Assigned task –
Copy nothing but the lines below, from the one with "DODGE RAM 1500" through the one with "Carrot Patch - CHOOSE", exactly as written; no pictures should appear.

Records shown –
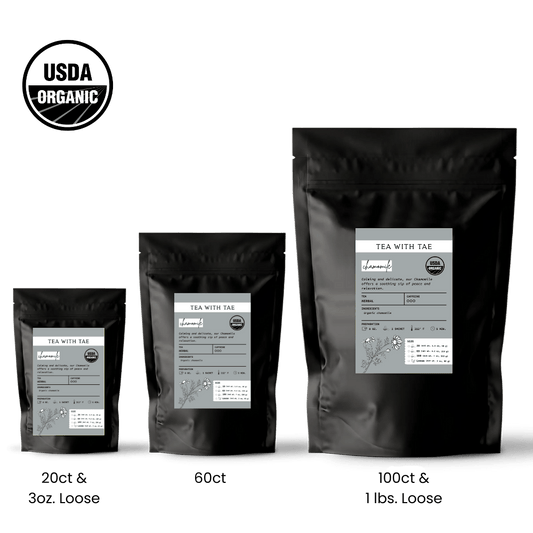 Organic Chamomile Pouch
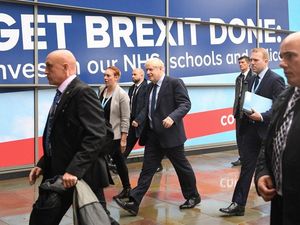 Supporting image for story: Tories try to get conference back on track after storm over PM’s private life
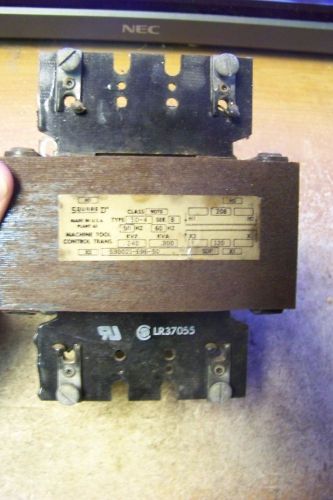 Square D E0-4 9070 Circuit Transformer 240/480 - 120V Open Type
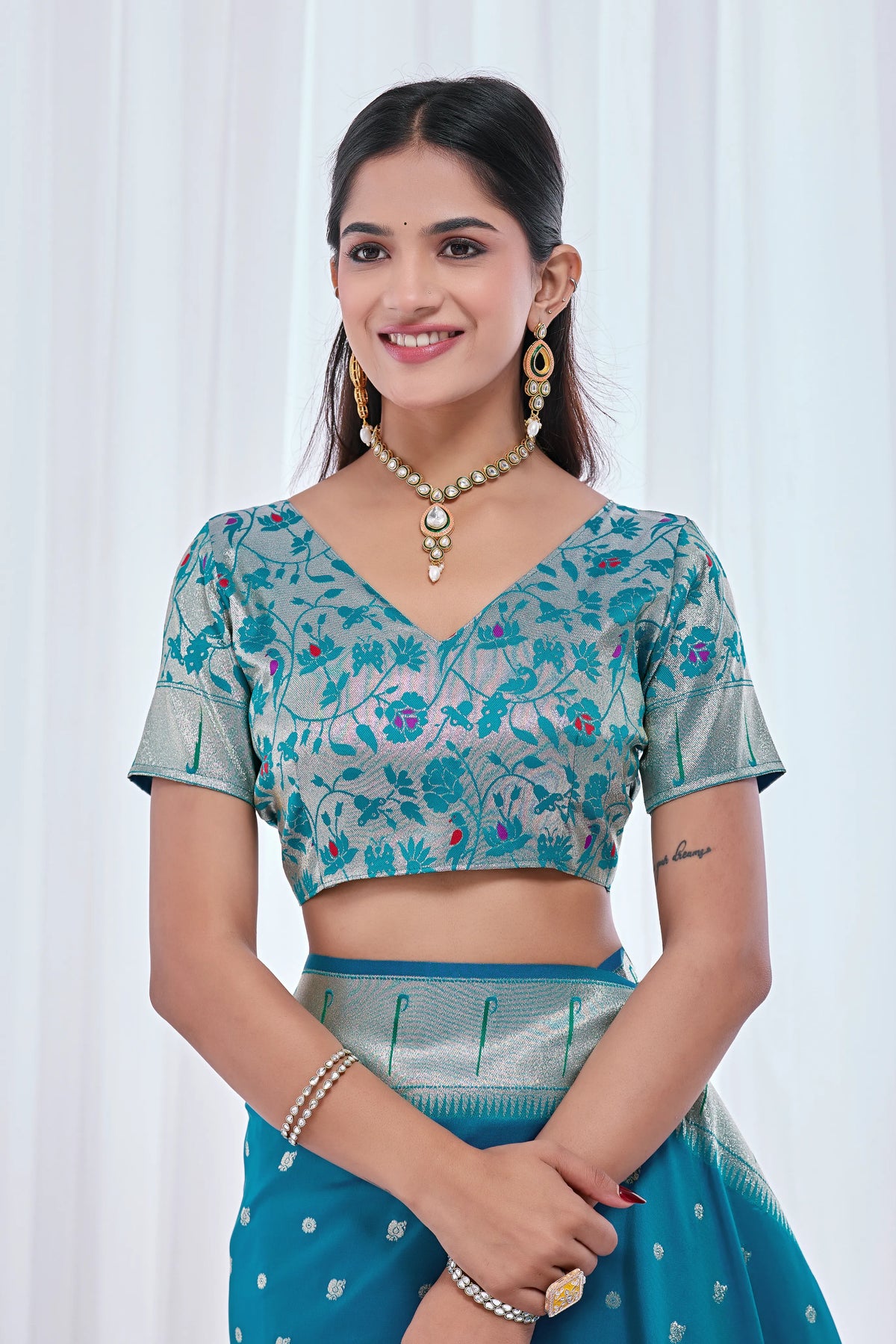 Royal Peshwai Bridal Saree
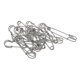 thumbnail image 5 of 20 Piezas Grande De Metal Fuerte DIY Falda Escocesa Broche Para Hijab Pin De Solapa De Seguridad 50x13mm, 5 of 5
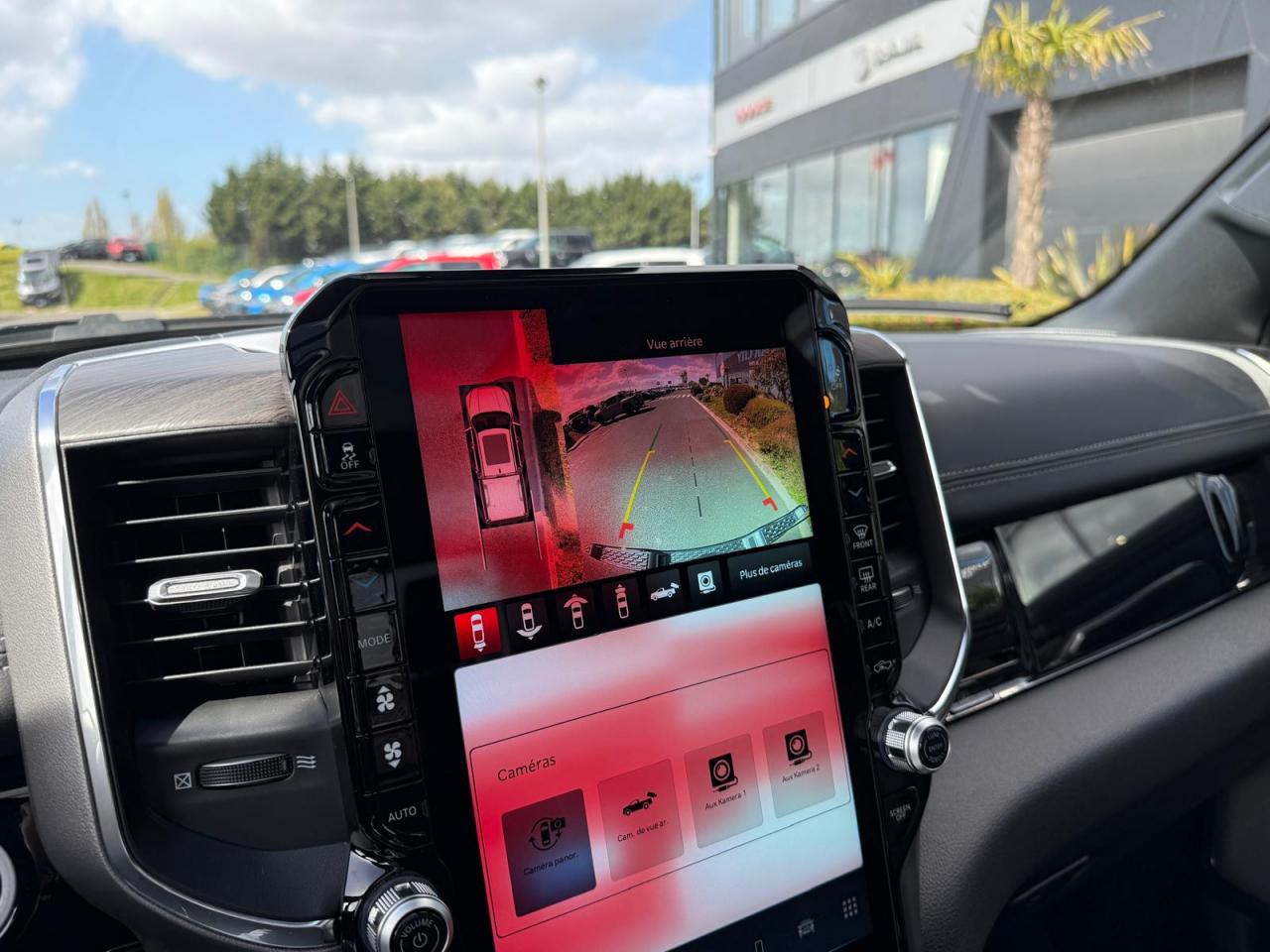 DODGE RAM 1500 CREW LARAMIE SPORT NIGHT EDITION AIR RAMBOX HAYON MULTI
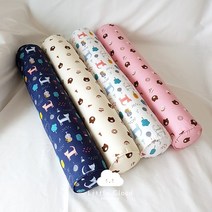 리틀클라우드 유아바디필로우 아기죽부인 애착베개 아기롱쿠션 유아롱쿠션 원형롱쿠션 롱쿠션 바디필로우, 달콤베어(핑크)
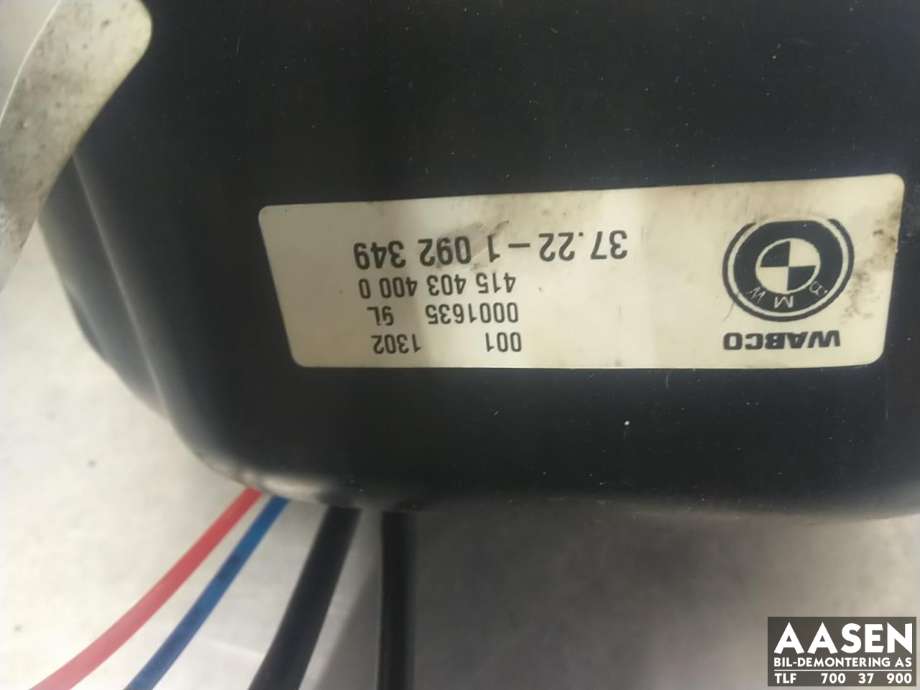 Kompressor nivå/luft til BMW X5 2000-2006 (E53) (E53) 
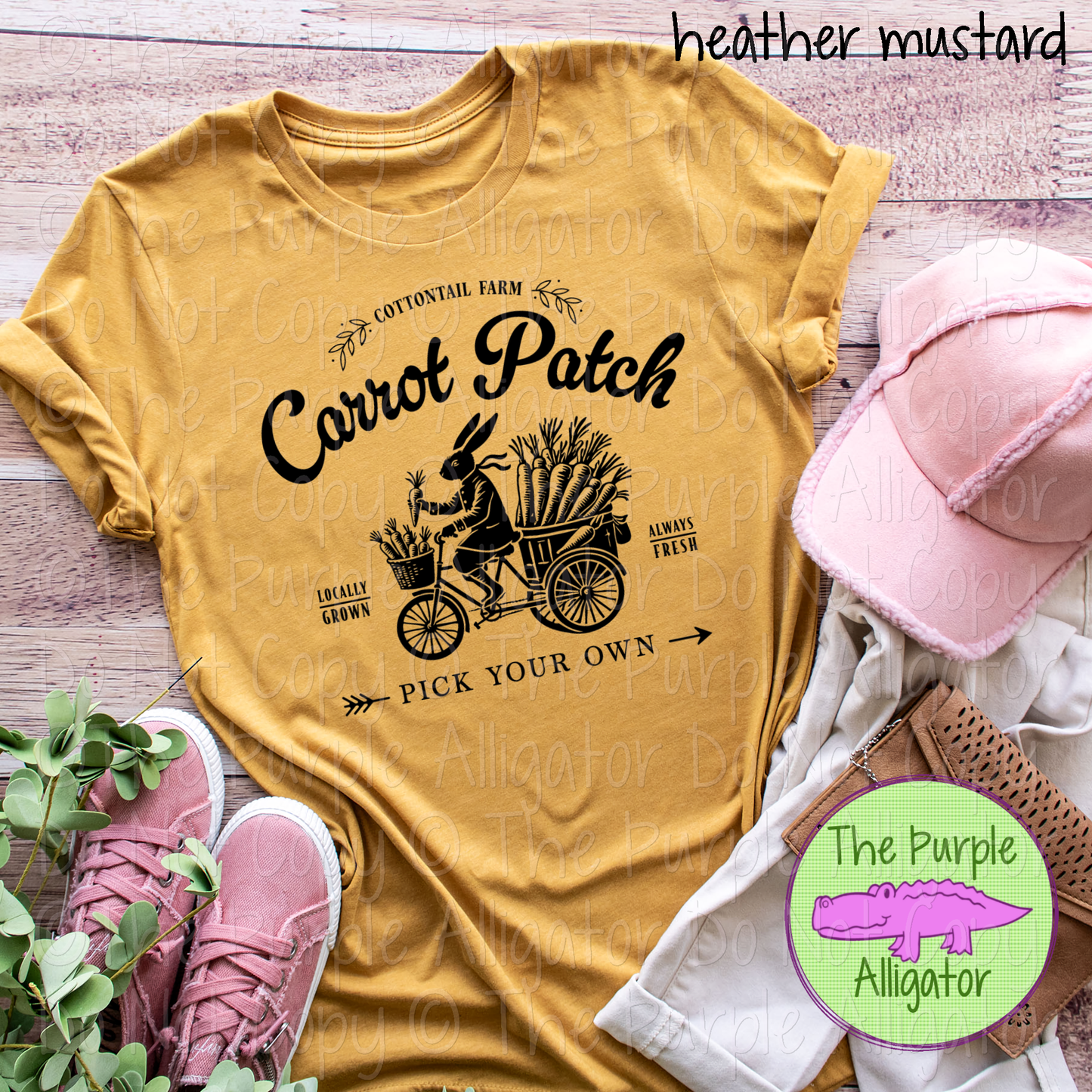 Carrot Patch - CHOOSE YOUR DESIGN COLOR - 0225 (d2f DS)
==
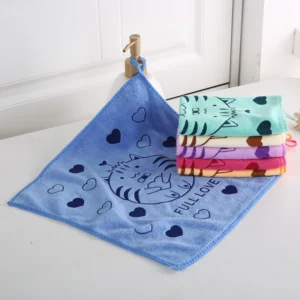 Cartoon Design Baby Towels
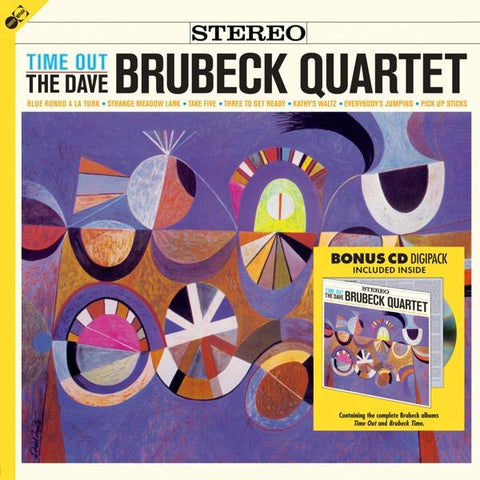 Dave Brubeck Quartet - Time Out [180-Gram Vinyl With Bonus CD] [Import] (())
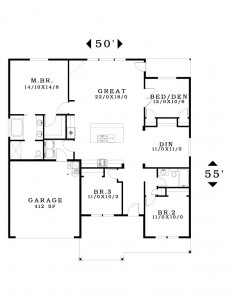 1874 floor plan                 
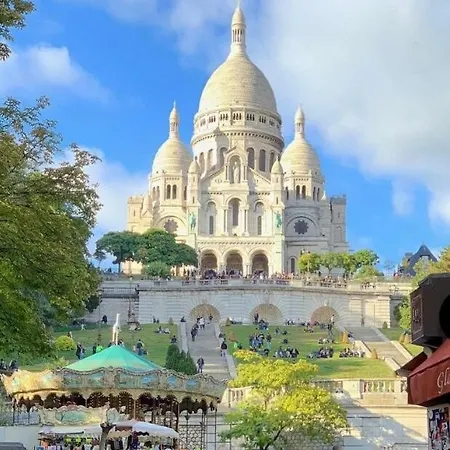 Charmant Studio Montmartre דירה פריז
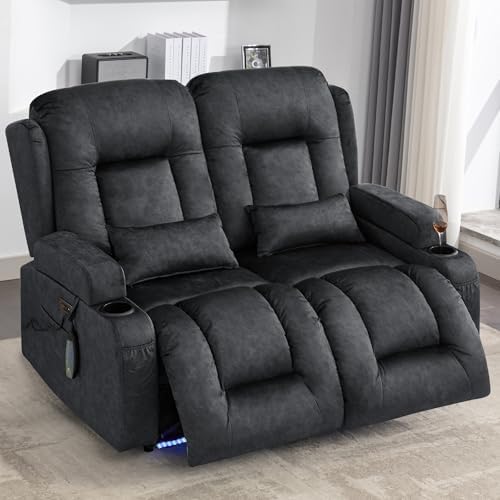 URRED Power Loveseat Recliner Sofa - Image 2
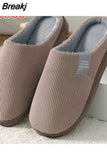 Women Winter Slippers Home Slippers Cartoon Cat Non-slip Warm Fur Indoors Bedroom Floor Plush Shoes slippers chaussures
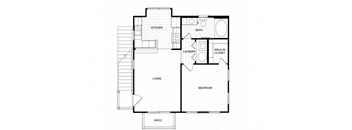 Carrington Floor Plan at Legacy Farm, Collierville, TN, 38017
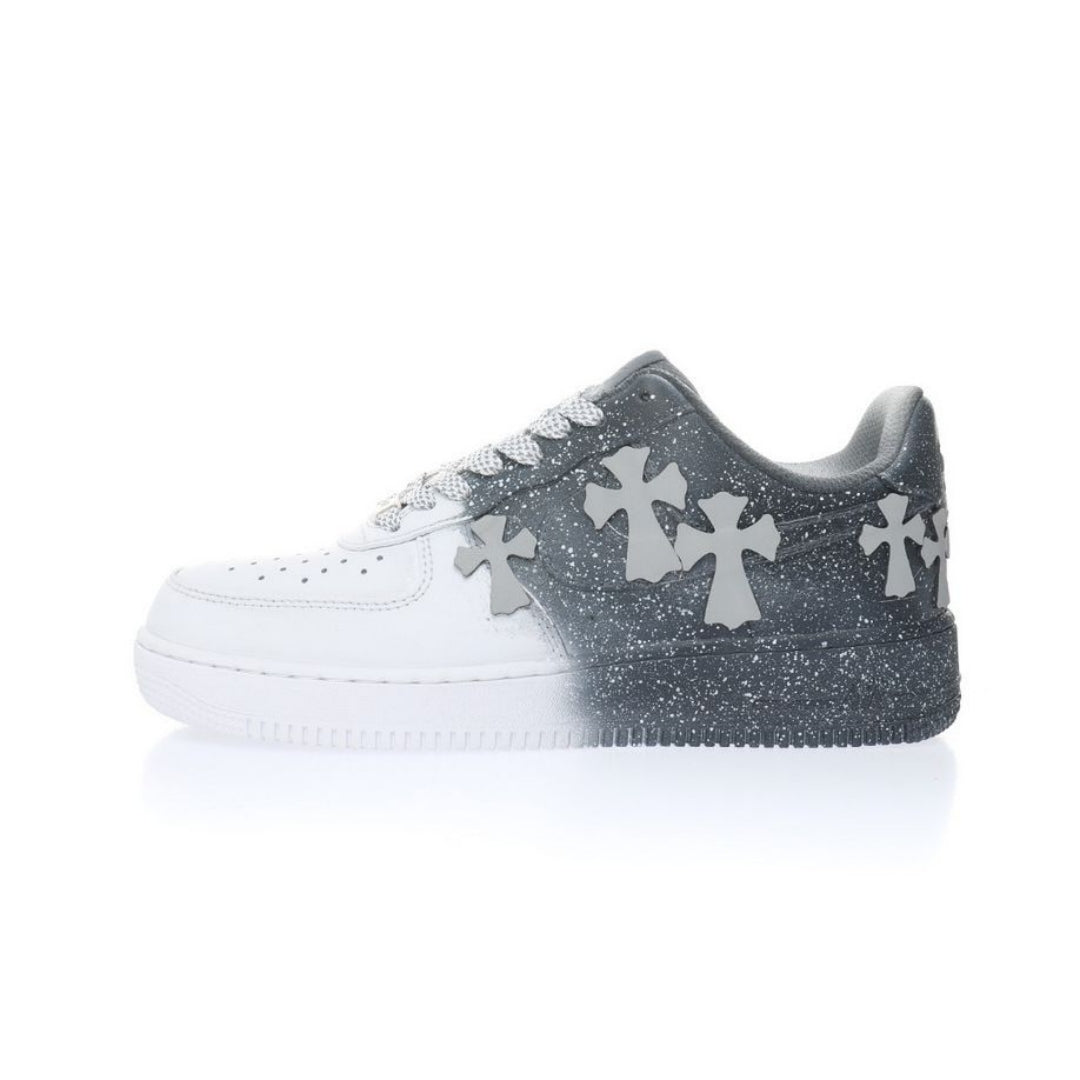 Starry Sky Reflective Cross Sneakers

Worked solution –
 DODGE RAM 1500 CREW LARAMIE SPORT NIGHT EDITION AIR RAMBOX HAYON MULTI
 리틀클라우드 유아바디필로우 아기죽부인 애착베개 아기롱쿠션 유아롱쿠션 원형롱쿠션 롱쿠션 바디필로우, 달콤베어(핑크)
 Kompressor nivå/luft til BMW X5 2000-2006 (E53) (E53) 
 Carrot Patch - CHOOSE YOUR DESIGN COLOR - 0225 (d2f DS)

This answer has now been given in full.